Writer: Morgan Lloyd Malcolm
Director: Wendy Bollard
Morgan Lloyd Malcolm’s dark comedy thriller The Wasp had sell-out runs at both Hampstead Theatre and Trafalgar Studios back in 2015. Director Wendy Bollard’s revival, playing at the Hen and Chickens Theatre as part of the Camden Fringe, occasionally feels a little underpowered. But the play’s tightly constructed narrative, unexpected twists and turns, and satisfyingly bleak resolution still make for an enjoyable 60-minutes.
Carla (Jennifer Thornton) is a heavily and unhappily pregnant mother of four. Still on the right side of 40, she lacks much fulfilment from part-time jobs as a sex worker and supermarket shelf-stocker, or from a “lazy fat fuck” of a husband who spend most of the time drunk. No wonder the unfortunate woman’s only obvious pleasure comes from chain-smoking and phone surfing.
Enter Carla’s prosperous former schoolmate Heather (Tegan Verheul), whose comfortable life with insect-collecting husband Simon has all the surface hallmarks of a successful marriage. Pride of place among Simon’s wall hangings is a scary hawk wasp, whose method of reproducing involves laying eggs that literally eat their tarantula spider hosts alive.
All is not as it seems with Heather. She yearns for a child that philandering husband Simon cannot give her and carries a burning grudge against her erstwhile classmate. So, when Heather engineers a coffee-shop meeting between the two woman, the first in 20 years, and arrives for the reunion with a bag stuffed full of cash, it is clear that a roller-coaster ride is in prospect.
The question hanging over the play as it weaves and wends its way to a genuinely surprising (if a tad melodramatic) denouement is which of the two women is the metaphorical wasp, ready to feast on its prey. “We are so different you and I,” says a testy Heather to an unwary Carla. Actually, there is a kind of symmetry between the two women. Each is determined to get something from the other, and, like the tarantula and its prey, only one of them is going to get out in one piece.
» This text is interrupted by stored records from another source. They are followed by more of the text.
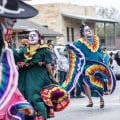 Exploring the Vibrant Cultural Events in Round Rock, TX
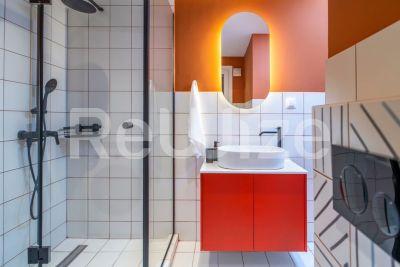 Photo 22,Bathroom,SALE,Residency,Apartment,60sqm,€119,900,Faliro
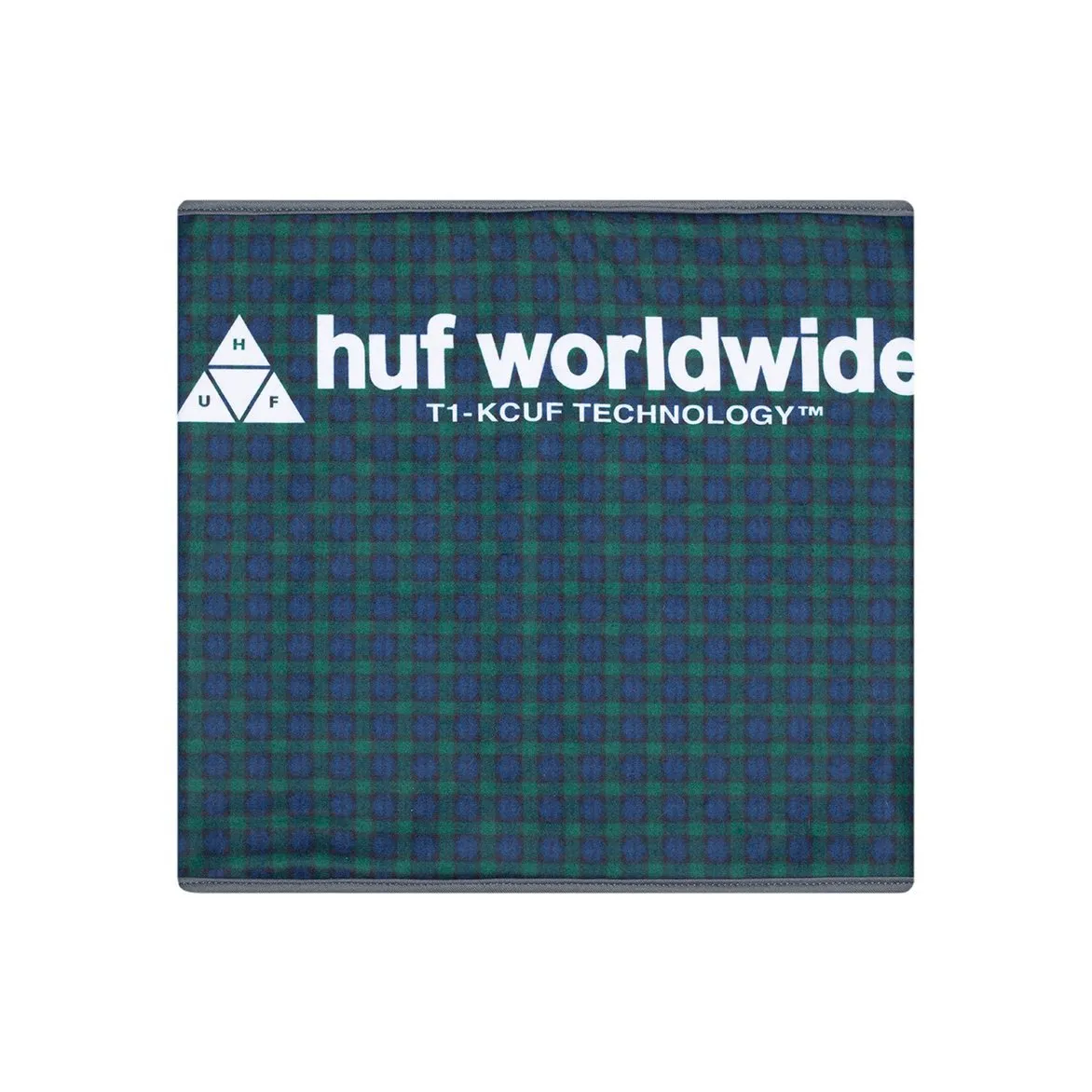 HUF PEAK 3.0 NECK GAITOR // POPPY
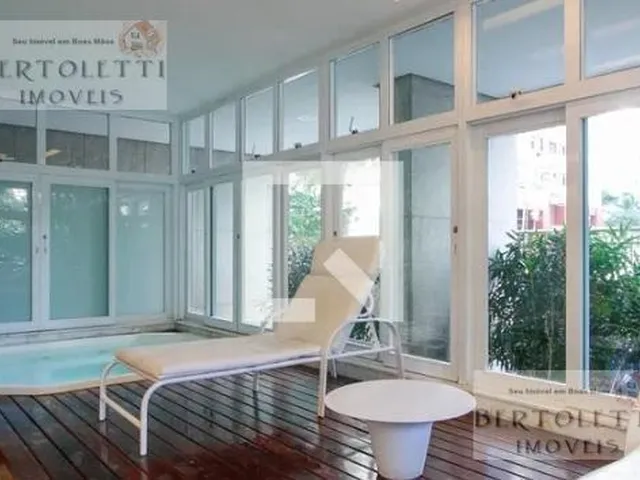 Imagem 10: Apartment em Rio de Janeiro - Rio de Janeiro, Barra da Tijuca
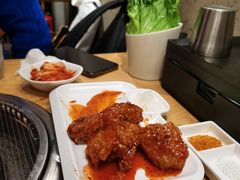 -莫嘎(乌鲁木齐中路店)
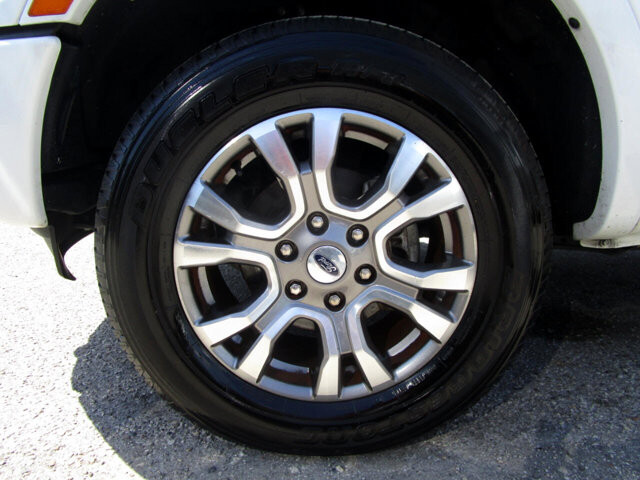 2020 Ford Ranger in Tampa, FL 33604-6914 - 2454215 21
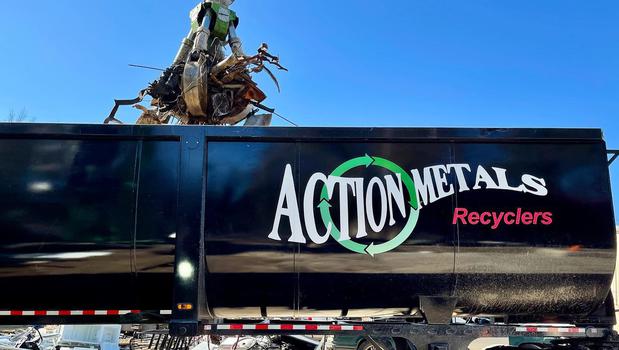 Images Action Metals Recyclers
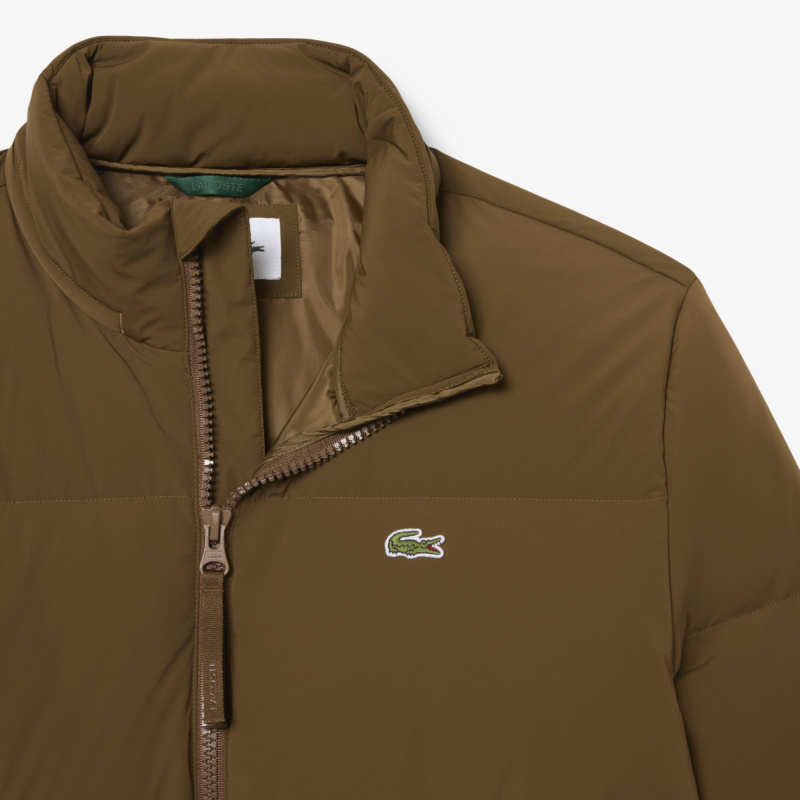 Мужская куртка Lacoste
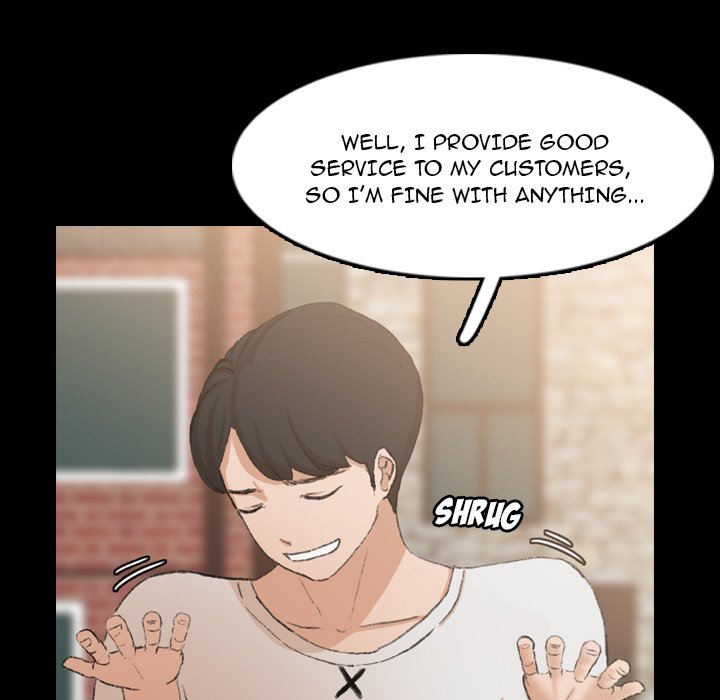 Secret Neighbors - episode 13 - 8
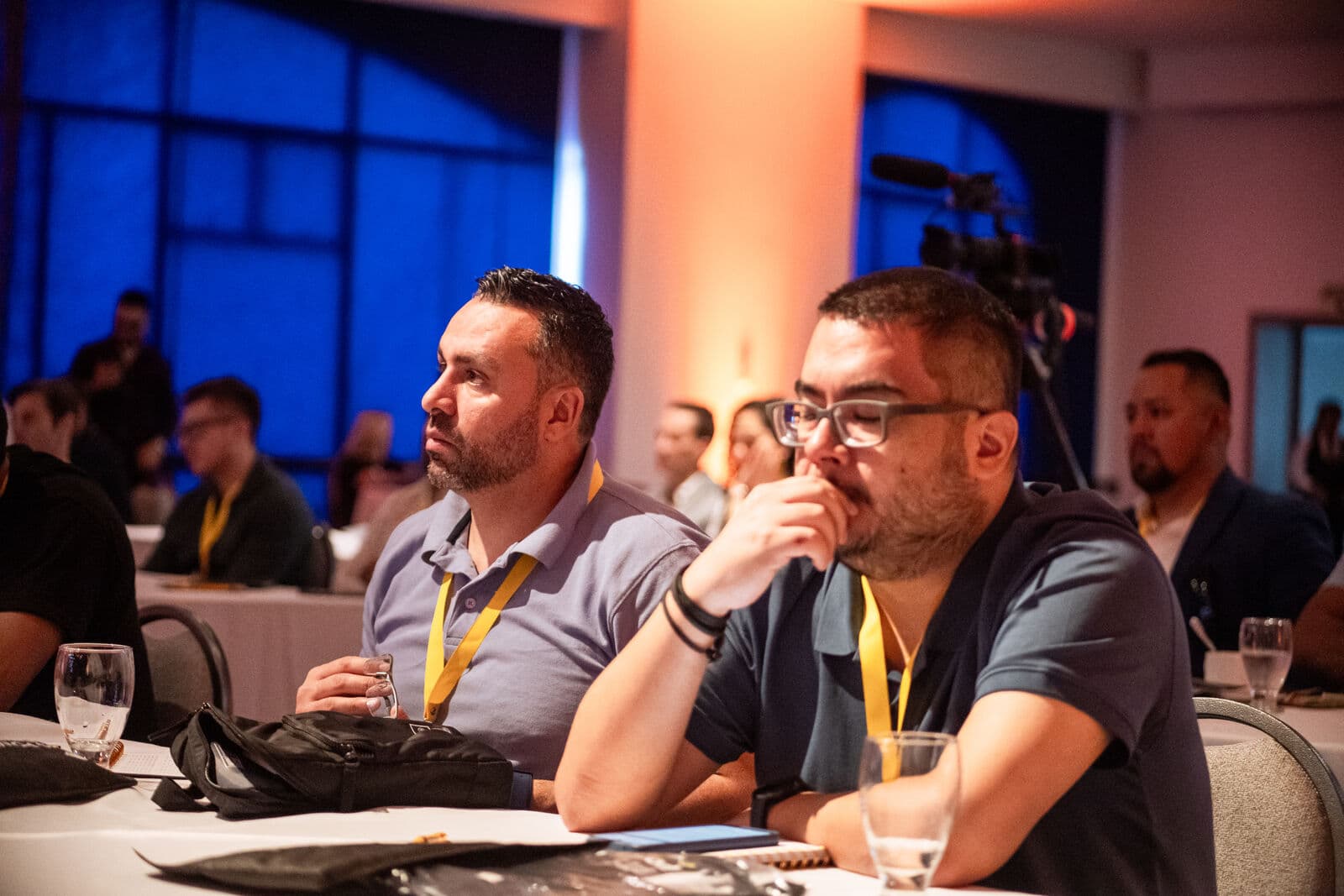 Evento presencial de Pro Trading Skills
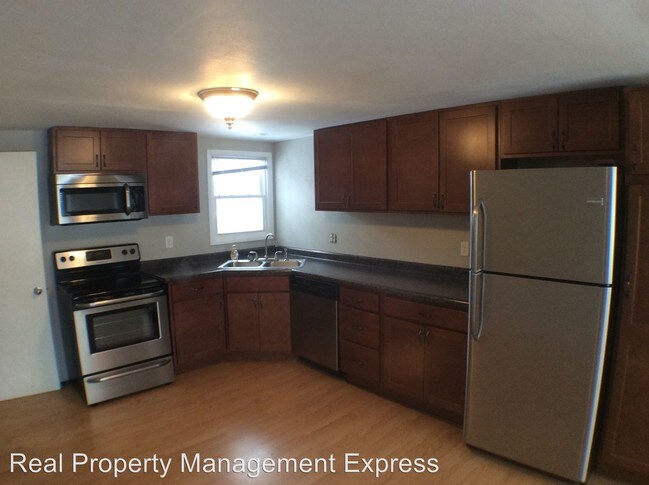 Foto del edificio - 616 S Highland Ave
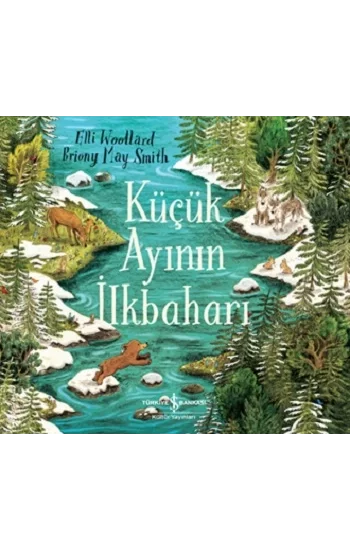 Küçük Ayının İlkbaharı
It is best not to interrogate Lloyd Malcolm’s plot too closely as it contains holes the size of entire city blocks, but Thornton and Verheul have so much camp fun with their characters that it is easy to forgive some very unlikely narrative coincidences.
The staging, essentially just two chairs and a table, sometimes feels a little too cut down, and Bollard’s direction occasionally lacks a little pace. Nevertheless, the production packs in enough quirks, humour, and surprises to make for an entertaining and likeable hour.